◆ **EXERCISE BRIEF**
Search the entries for the word "https" and pull out each line that has it.

-------

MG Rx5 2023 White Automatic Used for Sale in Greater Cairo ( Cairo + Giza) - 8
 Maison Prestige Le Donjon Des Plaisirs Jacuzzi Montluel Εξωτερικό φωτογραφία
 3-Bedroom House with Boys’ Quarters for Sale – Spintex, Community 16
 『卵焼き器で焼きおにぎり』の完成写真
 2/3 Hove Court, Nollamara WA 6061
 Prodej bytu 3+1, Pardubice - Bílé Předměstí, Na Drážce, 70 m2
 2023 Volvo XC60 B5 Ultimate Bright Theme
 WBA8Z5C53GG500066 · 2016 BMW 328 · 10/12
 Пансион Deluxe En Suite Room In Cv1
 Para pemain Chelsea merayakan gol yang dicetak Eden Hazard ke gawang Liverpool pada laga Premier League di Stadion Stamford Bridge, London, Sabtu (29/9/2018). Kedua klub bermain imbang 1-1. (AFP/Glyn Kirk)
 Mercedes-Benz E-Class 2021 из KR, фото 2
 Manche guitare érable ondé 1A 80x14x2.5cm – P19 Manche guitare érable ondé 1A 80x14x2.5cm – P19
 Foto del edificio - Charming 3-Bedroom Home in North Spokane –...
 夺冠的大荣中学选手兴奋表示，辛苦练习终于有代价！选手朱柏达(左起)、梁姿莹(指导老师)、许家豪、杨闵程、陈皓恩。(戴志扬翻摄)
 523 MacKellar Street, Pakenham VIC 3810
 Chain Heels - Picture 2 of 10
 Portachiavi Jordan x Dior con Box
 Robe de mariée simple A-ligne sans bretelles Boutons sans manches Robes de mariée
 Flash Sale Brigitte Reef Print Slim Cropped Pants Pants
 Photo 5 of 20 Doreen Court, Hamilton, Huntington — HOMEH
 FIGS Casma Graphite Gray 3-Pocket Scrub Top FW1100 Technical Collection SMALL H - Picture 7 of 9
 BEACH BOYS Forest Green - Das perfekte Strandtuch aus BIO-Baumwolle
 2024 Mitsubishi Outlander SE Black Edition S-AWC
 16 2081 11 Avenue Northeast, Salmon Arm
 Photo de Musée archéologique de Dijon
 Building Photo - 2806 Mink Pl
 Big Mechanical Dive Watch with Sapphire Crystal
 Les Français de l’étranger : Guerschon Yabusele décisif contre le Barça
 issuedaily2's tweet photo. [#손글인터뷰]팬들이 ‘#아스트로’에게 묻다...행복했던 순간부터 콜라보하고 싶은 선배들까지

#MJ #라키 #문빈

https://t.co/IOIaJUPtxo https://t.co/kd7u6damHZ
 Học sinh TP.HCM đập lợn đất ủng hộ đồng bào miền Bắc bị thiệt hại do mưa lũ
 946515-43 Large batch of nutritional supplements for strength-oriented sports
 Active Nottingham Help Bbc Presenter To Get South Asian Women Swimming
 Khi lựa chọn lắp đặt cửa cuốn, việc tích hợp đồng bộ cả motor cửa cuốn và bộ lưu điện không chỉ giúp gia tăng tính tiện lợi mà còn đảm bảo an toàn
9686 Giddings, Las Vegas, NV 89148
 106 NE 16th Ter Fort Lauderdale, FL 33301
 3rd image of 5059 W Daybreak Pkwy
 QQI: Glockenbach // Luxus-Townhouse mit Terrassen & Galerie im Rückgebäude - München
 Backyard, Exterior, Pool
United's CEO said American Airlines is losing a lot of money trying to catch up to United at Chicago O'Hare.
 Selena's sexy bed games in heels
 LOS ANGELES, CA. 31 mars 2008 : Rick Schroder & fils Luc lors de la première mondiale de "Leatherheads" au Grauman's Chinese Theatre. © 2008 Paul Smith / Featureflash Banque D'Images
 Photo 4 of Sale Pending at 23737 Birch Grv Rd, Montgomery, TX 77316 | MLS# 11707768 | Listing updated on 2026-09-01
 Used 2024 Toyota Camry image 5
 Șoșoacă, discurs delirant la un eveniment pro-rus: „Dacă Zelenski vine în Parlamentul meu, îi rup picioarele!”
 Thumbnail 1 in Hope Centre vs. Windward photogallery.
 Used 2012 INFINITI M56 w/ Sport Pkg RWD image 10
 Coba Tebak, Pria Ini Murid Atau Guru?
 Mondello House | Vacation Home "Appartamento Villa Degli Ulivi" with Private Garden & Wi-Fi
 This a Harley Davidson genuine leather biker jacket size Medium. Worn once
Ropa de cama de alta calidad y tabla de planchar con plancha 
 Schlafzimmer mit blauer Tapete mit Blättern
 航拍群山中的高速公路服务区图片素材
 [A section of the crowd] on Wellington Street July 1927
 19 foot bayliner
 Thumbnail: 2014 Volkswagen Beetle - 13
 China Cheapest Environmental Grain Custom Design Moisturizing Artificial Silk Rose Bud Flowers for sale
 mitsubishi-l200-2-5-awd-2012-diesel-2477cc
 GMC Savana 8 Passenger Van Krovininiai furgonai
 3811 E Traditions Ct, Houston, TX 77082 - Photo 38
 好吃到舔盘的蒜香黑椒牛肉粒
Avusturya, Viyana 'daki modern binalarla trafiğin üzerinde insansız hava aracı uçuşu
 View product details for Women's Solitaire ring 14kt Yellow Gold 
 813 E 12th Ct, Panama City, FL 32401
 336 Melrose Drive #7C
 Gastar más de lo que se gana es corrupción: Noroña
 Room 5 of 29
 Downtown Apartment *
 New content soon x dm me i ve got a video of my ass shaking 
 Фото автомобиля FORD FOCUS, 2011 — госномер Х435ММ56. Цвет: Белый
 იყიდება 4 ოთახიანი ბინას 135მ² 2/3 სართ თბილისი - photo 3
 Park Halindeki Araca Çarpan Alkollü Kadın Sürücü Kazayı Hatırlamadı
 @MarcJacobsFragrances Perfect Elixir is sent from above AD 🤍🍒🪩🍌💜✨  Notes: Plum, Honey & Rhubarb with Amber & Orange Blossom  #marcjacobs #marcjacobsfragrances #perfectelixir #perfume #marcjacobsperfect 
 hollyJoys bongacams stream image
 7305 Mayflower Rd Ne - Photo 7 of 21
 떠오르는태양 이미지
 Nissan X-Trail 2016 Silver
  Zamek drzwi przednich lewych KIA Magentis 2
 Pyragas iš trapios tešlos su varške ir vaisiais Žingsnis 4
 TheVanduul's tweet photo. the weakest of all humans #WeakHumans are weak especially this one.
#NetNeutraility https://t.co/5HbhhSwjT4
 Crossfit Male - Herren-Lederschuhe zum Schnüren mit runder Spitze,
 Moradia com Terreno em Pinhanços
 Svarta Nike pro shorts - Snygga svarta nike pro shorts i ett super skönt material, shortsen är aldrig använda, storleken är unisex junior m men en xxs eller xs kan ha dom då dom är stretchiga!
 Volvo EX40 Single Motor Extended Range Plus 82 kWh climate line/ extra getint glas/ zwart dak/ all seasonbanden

-------

◆ **RESPONSE TO THE TASK**
https://t.co/IOIaJUPtxo https://t.co/kd7u6damHZ
#NetNeutraility https://t.co/5HbhhSwjT4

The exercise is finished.